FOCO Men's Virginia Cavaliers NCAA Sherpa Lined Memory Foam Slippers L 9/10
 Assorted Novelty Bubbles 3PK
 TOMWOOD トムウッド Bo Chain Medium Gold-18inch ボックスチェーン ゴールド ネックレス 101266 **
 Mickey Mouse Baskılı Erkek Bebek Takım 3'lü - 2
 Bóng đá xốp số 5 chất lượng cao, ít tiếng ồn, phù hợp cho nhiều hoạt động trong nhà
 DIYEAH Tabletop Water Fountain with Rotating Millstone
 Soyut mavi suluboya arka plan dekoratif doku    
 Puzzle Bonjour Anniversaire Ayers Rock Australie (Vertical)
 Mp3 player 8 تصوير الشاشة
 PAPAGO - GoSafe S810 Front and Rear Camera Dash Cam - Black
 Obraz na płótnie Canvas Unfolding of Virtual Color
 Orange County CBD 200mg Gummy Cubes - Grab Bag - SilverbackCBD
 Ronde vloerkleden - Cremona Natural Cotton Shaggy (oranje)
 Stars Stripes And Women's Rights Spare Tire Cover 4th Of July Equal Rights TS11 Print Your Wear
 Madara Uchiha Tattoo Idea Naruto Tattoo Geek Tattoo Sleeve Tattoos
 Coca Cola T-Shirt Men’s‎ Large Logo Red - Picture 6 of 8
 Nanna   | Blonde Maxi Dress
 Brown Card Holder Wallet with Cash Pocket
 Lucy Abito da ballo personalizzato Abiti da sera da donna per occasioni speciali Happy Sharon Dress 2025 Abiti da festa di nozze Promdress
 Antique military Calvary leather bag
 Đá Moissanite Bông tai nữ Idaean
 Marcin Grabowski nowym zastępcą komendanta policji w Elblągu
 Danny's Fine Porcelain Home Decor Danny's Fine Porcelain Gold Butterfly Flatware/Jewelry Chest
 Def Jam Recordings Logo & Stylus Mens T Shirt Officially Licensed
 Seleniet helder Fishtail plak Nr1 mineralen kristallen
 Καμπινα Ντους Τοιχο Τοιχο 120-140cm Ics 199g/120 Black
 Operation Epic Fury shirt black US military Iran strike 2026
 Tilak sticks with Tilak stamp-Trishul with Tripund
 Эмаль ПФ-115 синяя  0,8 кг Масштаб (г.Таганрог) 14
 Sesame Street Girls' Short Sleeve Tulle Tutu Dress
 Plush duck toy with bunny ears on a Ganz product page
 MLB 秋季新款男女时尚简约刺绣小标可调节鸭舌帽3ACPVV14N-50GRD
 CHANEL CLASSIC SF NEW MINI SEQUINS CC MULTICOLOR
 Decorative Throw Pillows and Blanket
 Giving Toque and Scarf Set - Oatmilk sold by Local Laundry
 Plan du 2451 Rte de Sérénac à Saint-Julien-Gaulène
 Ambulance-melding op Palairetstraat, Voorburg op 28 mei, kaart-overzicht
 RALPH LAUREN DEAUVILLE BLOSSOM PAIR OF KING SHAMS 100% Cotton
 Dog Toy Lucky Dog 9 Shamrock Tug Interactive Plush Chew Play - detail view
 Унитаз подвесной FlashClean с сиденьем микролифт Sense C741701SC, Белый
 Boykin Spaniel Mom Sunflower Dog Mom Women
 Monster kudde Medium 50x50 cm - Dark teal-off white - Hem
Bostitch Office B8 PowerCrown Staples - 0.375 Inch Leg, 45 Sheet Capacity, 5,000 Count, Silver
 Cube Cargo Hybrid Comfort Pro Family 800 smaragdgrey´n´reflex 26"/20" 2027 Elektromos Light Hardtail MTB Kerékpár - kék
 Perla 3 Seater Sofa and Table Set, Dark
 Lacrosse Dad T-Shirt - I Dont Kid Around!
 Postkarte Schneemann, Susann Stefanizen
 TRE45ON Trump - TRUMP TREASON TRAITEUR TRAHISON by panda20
☆ ☆ ☆ ☆
- Your goal -
Exactly reproduce every line found in the records.

- Response below -
FOCO Men's Virginia Cavaliers NCAA Sherpa Lined Memory Foam Slippers L 9/10
 Assorted Novelty Bubbles 3PK
 TOMWOOD トムウッド Bo Chain Medium Gold-18inch ボックスチェーン ゴールド ネックレス 101266 **
 Mickey Mouse Baskılı Erkek Bebek Takım 3'lü - 2
 Bóng đá xốp số 5 chất lượng cao, ít tiếng ồn, phù hợp cho nhiều hoạt động trong nhà
 DIYEAH Tabletop Water Fountain with Rotating Millstone
 Soyut mavi suluboya arka plan dekoratif doku    
 Puzzle Bonjour Anniversaire Ayers Rock Australie (Vertical)
 Mp3 player 8 تصوير الشاشة
 PAPAGO - GoSafe S810 Front and Rear Camera Dash Cam - Black
 Obraz na płótnie Canvas Unfolding of Virtual Color
 Orange County CBD 200mg Gummy Cubes - Grab Bag - SilverbackCBD
 Ronde vloerkleden - Cremona Natural Cotton Shaggy (oranje)
 Stars Stripes And Women's Rights Spare Tire Cover 4th Of July Equal Rights TS11 Print Your Wear
 Madara Uchiha Tattoo Idea Naruto Tattoo Geek Tattoo Sleeve Tattoos
 Coca Cola T-Shirt Men’s‎ Large Logo Red - Picture 6 of 8
 Nanna   | Blonde Maxi Dress
 Brown Card Holder Wallet with Cash Pocket
 Lucy Abito da ballo personalizzato Abiti da sera da donna per occasioni speciali Happy Sharon Dress 2025 Abiti da festa di nozze Promdress
 Antique military Calvary leather bag
 Đá Moissanite Bông tai nữ Idaean
 Marcin Grabowski nowym zastępcą komendanta policji w Elblągu
 Danny's Fine Porcelain Home Decor Danny's Fine Porcelain Gold Butterfly Flatware/Jewelry Chest
 Def Jam Recordings Logo & Stylus Mens T Shirt Officially Licensed
 Seleniet helder Fishtail plak Nr1 mineralen kristallen
 Καμπινα Ντους Τοιχο Τοιχο 120-140cm Ics 199g/120 Black
 Operation Epic Fury shirt black US military Iran strike 2026
 Tilak sticks with Tilak stamp-Trishul with Tripund
 Эмаль ПФ-115 синяя  0,8 кг Масштаб (г.Таганрог) 14
 Sesame Street Girls' Short Sleeve Tulle Tutu Dress
 Plush duck toy with bunny ears on a Ganz product page
 MLB 秋季新款男女时尚简约刺绣小标可调节鸭舌帽3ACPVV14N-50GRD
 CHANEL CLASSIC SF NEW MINI SEQUINS CC MULTICOLOR
 Decorative Throw Pillows and Blanket
 Giving Toque and Scarf Set - Oatmilk sold by Local Laundry
 Plan du 2451 Rte de Sérénac à Saint-Julien-Gaulène
 Ambulance-melding op Palairetstraat, Voorburg op 28 mei, kaart-overzicht
 RALPH LAUREN DEAUVILLE BLOSSOM PAIR OF KING SHAMS 100% Cotton
 Dog Toy Lucky Dog 9 Shamrock Tug Interactive Plush Chew Play - detail view
 Унитаз подвесной FlashClean с сиденьем микролифт Sense C741701SC, Белый
 Boykin Spaniel Mom Sunflower Dog Mom Women
 Monster kudde Medium 50x50 cm - Dark teal-off white - Hem
Bostitch Office B8 PowerCrown Staples - 0.375 Inch Leg, 45 Sheet Capacity, 5,000 Count, Silver
 Cube Cargo Hybrid Comfort Pro Family 800 smaragdgrey´n´reflex 26"/20" 2027 Elektromos Light Hardtail MTB Kerékpár - kék
 Perla 3 Seater Sofa and Table Set, Dark
 Lacrosse Dad T-Shirt - I Dont Kid Around!
 Postkarte Schneemann, Susann Stefanizen
 TRE45ON Trump - TRUMP TREASON TRAITEUR TRAHISON by panda20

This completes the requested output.